Myself & @valeriomazzeo created something very similar to Unevaluated yesterday called AnyCodable with an equivalent strategy of fuzzy decoding to primitive types. It was originally an enum with all of the primitive types as cases, but we refactored that down to using Any like in your original suggestion. It's far from a perfect solution but it will do what we need for now, you can find the source here: GitHub - asensei/AnyCodable: Generic Any? data encapsulation meant to facilitate the transformation of loosely typed objects using Codable.

I do think that one problem with the current JSONDecoder is that once you tell it to decode(data) there isn't an easy way to get the data back out without knowing about the type you are expecting beforehand. Internally it's using JSONSerialization which decodes to NSNull, NSNumber, NSString, NSArray, NSDictionary.
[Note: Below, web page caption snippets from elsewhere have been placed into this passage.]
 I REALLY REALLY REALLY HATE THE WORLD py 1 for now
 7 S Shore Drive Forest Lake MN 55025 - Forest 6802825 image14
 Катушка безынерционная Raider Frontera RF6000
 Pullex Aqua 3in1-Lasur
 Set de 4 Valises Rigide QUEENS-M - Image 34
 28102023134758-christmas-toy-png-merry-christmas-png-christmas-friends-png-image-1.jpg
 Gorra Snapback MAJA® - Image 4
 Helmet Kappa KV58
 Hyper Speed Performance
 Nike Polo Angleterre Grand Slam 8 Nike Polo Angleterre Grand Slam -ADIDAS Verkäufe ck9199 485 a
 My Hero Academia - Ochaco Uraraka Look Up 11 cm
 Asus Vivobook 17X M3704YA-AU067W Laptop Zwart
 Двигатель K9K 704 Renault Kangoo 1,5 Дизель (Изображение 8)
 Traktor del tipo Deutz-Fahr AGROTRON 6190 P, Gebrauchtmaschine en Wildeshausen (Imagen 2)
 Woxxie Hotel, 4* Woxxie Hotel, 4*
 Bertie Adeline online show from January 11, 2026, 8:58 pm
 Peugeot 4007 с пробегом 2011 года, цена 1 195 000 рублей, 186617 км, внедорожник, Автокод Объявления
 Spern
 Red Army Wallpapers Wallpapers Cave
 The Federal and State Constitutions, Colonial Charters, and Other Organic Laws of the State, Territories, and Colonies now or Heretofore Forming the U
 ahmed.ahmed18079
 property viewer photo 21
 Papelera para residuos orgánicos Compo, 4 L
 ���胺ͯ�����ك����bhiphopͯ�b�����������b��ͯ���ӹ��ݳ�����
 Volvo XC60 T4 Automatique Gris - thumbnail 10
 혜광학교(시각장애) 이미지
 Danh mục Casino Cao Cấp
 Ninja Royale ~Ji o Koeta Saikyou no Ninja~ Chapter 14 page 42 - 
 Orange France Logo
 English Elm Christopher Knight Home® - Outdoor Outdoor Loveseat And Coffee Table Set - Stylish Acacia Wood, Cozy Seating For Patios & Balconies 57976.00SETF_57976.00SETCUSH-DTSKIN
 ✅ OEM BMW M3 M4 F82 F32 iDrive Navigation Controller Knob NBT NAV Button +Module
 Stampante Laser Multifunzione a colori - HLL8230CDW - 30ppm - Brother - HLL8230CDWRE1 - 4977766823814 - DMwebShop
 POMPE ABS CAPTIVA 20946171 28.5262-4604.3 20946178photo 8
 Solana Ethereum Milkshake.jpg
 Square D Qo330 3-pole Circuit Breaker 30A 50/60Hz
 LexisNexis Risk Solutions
Instead of the fuzzy decoding that we are having to do to get any values out with AnyCodable, it would be useful to get to these raw values. Hence why I suggested my previous solution.

If we had access to the raw value provided by JSONSerialization (the example of JSONSerialization is simply an implementation detail, but somewhere a decoder will have some sort of raw value it can pull from) the user of JSONDecoder could implement whatever mapping they wanted and would give back all of the control from JSONDecoder.

valeriomazzeo · March 16, 2018, 1:33pm

itaiferber · March 16, 2018, 4:47pm

Getting back the underlying data from JSONSerialization is the exact idea behind Unevaluated — the difference between AnyCodable and Unevaluated is that AnyCodable attempts to decode types that it knows about on its own and is performing conversions; on the other hand, Unevaluated would be a marker type which asks the Decoder to stick whatever existing representation it has of the underlying data into its .value and returns that. If the Decoder supports Unevaluated (e.g. in formats where it's possible to grab an underlying representation like NSNulls, Strings, etc.), it can do that; if the Decoder does nothing special to recognize Unevaluated and ends up calling its init(from:), Unevaluated will just throw a .typeMismatch letting you know that the Decoder doesn't support it.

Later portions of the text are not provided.